Mind Blowing Movies: Pig (2010), by Rev. Ivan Stang

Mm200This week, Boing Boing is presenting a series of essays about movies that have had a profound effect on our invited essayists. See all the essays in the Mind Blowing Movies series here. — Mark

Watch PIG by Adam Mason on Vimeo

Pig (2010), by Rev. Ivan Stang

I don't take mind-blowing lightly, and there are several very different ways in which movies have blown my particular mind, such as it is.

Movies seen by a very young child and therefore making an inappropriately huge impression are one type of blowage. In that respect, more than 50 years later I still vividly remember seeing Mighty Joe Young (1949) on my grandfather's TV when I was about four years old, in 1957. Cowboys in Africa (?!?) capture a giant gorilla who ends up performing on stage — like Kong, but much more professionally.

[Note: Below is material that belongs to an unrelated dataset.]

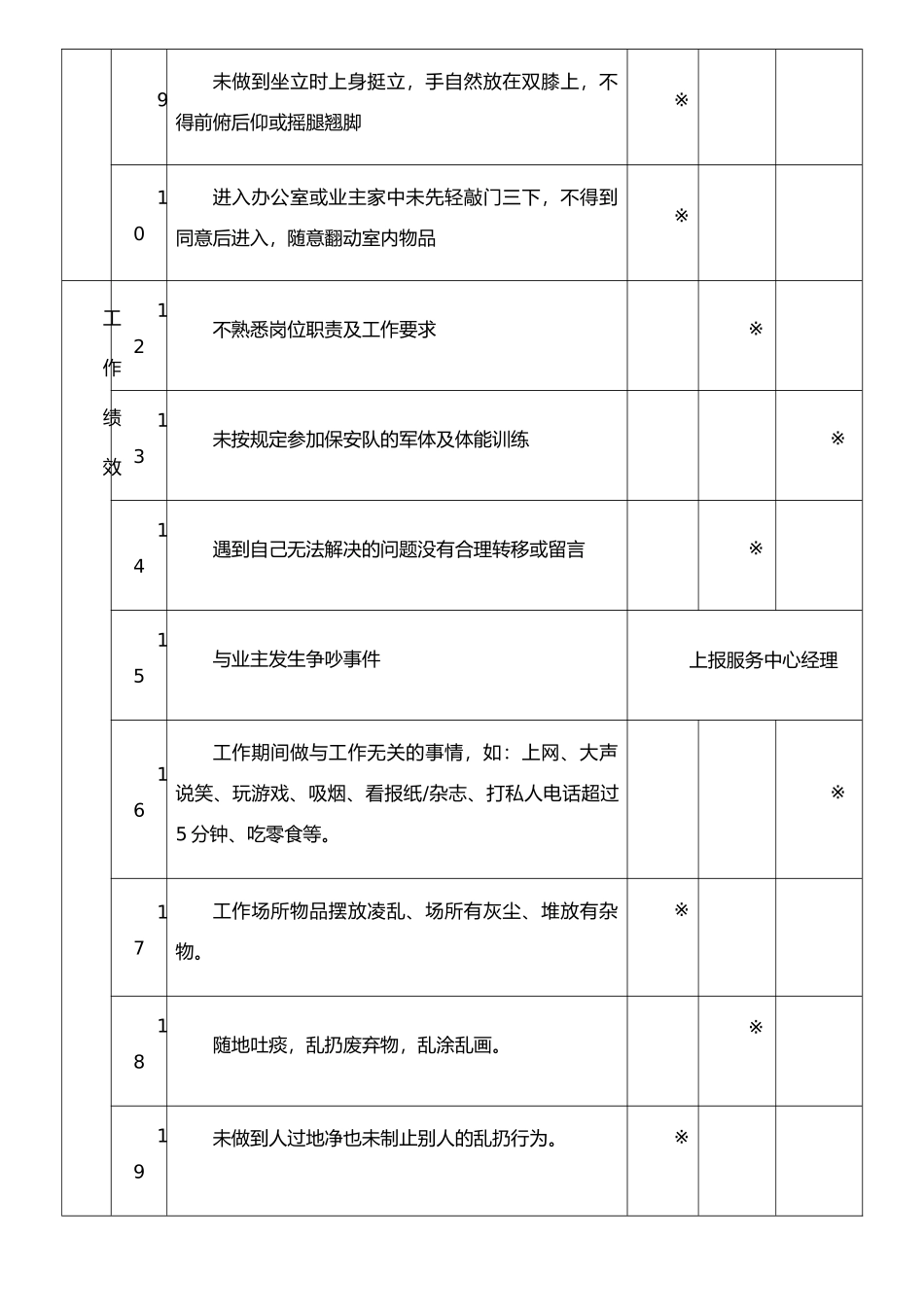 保安员品质检查标准_第2页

While, in front of an agog nightclub audience, his beautiful human keeper sings "Beautiful Dreamer" while Mighty Joe effortlessly holds her aloft, along with her grand piano and a solid platform. That sequence stuck with me, and to this day I often feel like a trained giant ape helping a pretty girl (or sometimes just an enlarged and life-imbued piece of clip art) make an impression on a bunch of drunks in a bar just to earn a few bananas. *

Probably the second monster movie I remember seeing was The Ghost of Frankenstein (1942), fourth in the Universal classic series. It opens with torch-wielding redneck villagers harassing a poor handicapped man, Igor, who fends off their attacks by hurling huge chunks of the decaying Frankenstein castle wall down on them. He then finds his old friend the "monster" buried in a sulfur pit (having been pushed into it when it was still molten, in the previous movie). He frees the monster, and exploits its innocent mindlessness to get revenge on the Normals and Pinks who persecuted him.

I feel that my whole life has been a reliving of that sequence of events. Like Igor's borrowed monster, mine, named "Bob," is still pretending to do my bidding, but will no doubt turn on me in the end, as is the way of man-made monsters. The movie itself is one of the worst of the Universal monster classics, tainted by the meddling of studio execs, although the score is wonderful.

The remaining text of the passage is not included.